Beyond the Single Number: Toward a Functional Classification of Lipoprotein(a) Subfractions


Mykola Iabluchanskyi, Vladimir Shlyakhover, Pavlo Garkaviy, Andriy Yabluchanskiy

Abstract

Lipoprotein(a) [Lp(a)] is currently measured and interpreted as a single quantitative entity, with plasma concentration used as a population-level indicator of cardiovascular risk above defined thresholds. Yet established structural evidence already shows that Lp(a) is not one particle but a heterogeneous family of molecularly distinct subfractions, differing in apo(a) isoform size, oxidized phospholipid content, and fibrin-binding properties. This article advances the hypothesis that structural heterogeneity corresponds to functional heterogeneity: that distinct Lp(a) subfractions may operate in different biological modes, ranging from physiological and reparative to pathological and atherogenic, and that the balance among these modes, rather than total concentration alone, may help determine individual clinical outcome. If correct, this view challenges the adequacy of single-number Lp(a) measurement as a clinical standard and suggests that concentration-based assessment may conflate biologically different states. It also raises a therapeutic question: non-selective lowering of all Lp(a) subfractions may not necessarily produce optimal clinical benefit if physiological and pathological forms are reduced simultaneously. By analogy, earlier HDL-directed strategies that increased total HDL concentration without resolving its internal functional heterogeneity failed to demonstrate convincing clinical efficacy. The article therefore argues for a new research agenda centered on the functional classification of Lp(a) subfractions and on the identification of conditions that shift the system from adaptive to maladaptive operation.

Introduction

For most of its clinical history, lipoprotein(a) [Lp(a)] has been treated as a single measurable entity. A blood test returns one number, and that number is compared with a clinical threshold above which cardiovascular risk is considered elevated. This logic is epidemiologically supported: elevated Lp(a) is an independent, causal, and largely genetically determined risk factor for atherosclerotic cardiovascular disease and calcific aortic valve stenosis, and its predictive value at the population level is well established. This article is intended as a conceptual and hypothesis-generating contribution rather than as a systematic review.

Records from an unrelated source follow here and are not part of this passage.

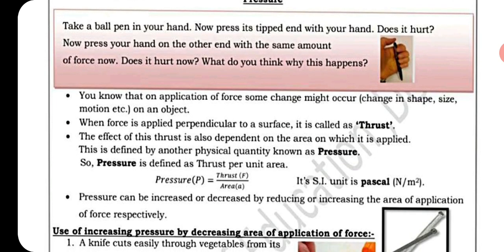We will discuss the reason ahead. You know that the application of force causes some change — change in shape, size, motion, etc. on an object. Kisi bhi force lagane se uska shape change ho sakta hai, size change ho sakta hai, aur gati.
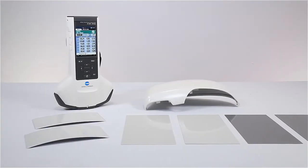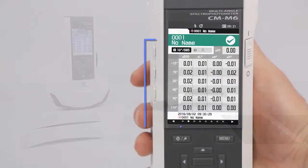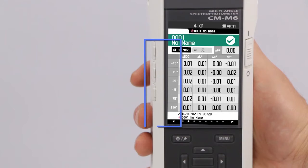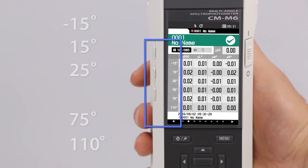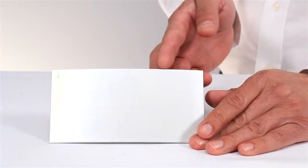The CMM6 provides measurement data at 6 selectable angles, ideal for capturing finishes that exhibit visual changes at different angles.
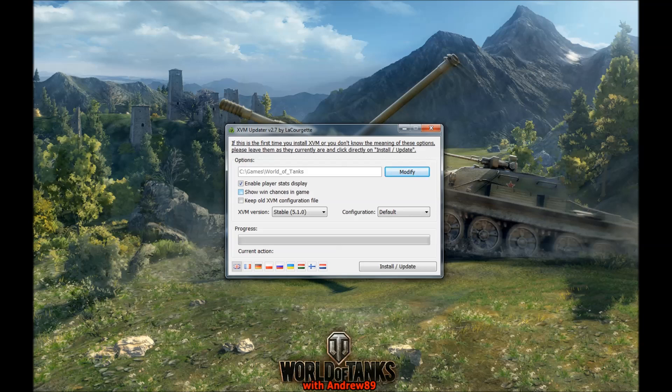You can mark some options like 'Enable player stats display' so you can see player stats in-game with colors. You can also enable 'Show win chance in game' to see whether you're winning or not. And there's 'Keep old XVM configuration file' if you already have XVM and just want to update while keeping your config.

Yet a single number is also a radical simplification. It collapses whatever internal structure and functional diversity the measured population of molecules may possess into one scalar. The question this article raises is whether that simplification is adequate — or whether it hides distinctions that may matter more than total concentration alone.

The history of natural science offers a sobering precedent. For much of the 19th century, the atom was defined by its indivisibility: it was the final, irreducible unit of matter. That assumption was productive and not entirely wrong — atomic theory organized chemistry and correctly predicted observable phenomena. But it was also incomplete. The electron was discovered in 1897. The proton and neutron followed. As experimental resolution improved, the atom revealed internal structure of extraordinary complexity: quarks, gluons, leptons, bosons. The number of known subatomic and composite particles now exceeds the number of elements in the periodic table by an order of magnitude. Each new level of resolution did not invalidate the previous one — it contextualized it, explaining why atomic-level observations were correct at their own scale while remaining incomplete at the next.

The parallel with Lp(a) is not metaphorical. It is structural.


Lp(a) is already known to be structurally heterogeneous

The structural heterogeneity of Lp(a) is not a new finding. It is already part of the established science, though its clinical implications have not been fully drawn.

Lp(a) consists of an LDL-like lipid core containing apolipoprotein B100, to which apolipoprotein(a) [apo(a)] is covalently linked. Apo(a) is a highly polymorphic protein structurally homologous to plasminogen. Its key source of diversity is the number of kringle IV type 2 (KIV-2) repeat copies, which vary from 2 to more than 40 copies across individuals, generating over 40 structurally distinct apo(a) isoforms. Smaller isoforms — with fewer KIV-2 repeats — are associated with higher plasma Lp(a) concentrations, while larger isoforms produce lower concentrations.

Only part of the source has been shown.